[Listed records]

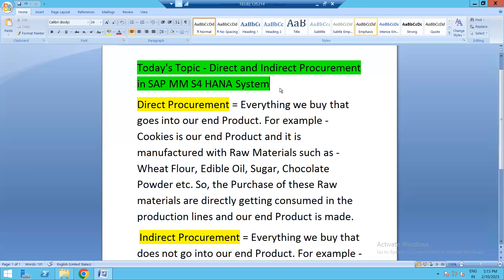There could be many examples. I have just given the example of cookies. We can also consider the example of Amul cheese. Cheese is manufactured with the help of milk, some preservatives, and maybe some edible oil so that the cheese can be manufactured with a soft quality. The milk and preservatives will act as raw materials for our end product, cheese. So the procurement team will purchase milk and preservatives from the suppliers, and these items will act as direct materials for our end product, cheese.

[/Listed records]
[Listed records]

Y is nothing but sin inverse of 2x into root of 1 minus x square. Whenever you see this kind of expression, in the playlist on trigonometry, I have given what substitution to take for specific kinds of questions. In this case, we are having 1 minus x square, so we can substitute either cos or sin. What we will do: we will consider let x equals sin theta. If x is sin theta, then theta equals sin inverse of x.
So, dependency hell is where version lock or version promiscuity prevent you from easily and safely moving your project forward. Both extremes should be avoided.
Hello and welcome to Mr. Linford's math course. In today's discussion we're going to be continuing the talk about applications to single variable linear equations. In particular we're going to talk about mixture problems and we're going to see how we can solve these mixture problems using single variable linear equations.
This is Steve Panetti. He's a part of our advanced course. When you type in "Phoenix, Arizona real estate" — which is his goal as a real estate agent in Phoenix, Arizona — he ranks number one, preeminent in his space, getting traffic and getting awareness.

[/Listed records]

Reproduce exactly the lines above from the line with "Hello and welcome" to the line with "This is Steve", including both, and add nothing.

Hello and welcome to Mr. Linford's math course. In today's discussion we're going to be continuing the talk about applications to single variable linear equations. In particular we're going to talk about mixture problems and we're going to see how we can solve these mixture problems using single variable linear equations.
This is Steve Panetti. He's a part of our advanced course. When you type in "Phoenix, Arizona real estate" — which is his goal as a real estate agent in Phoenix, Arizona — he ranks number one, preeminent in his space, getting traffic and getting awareness.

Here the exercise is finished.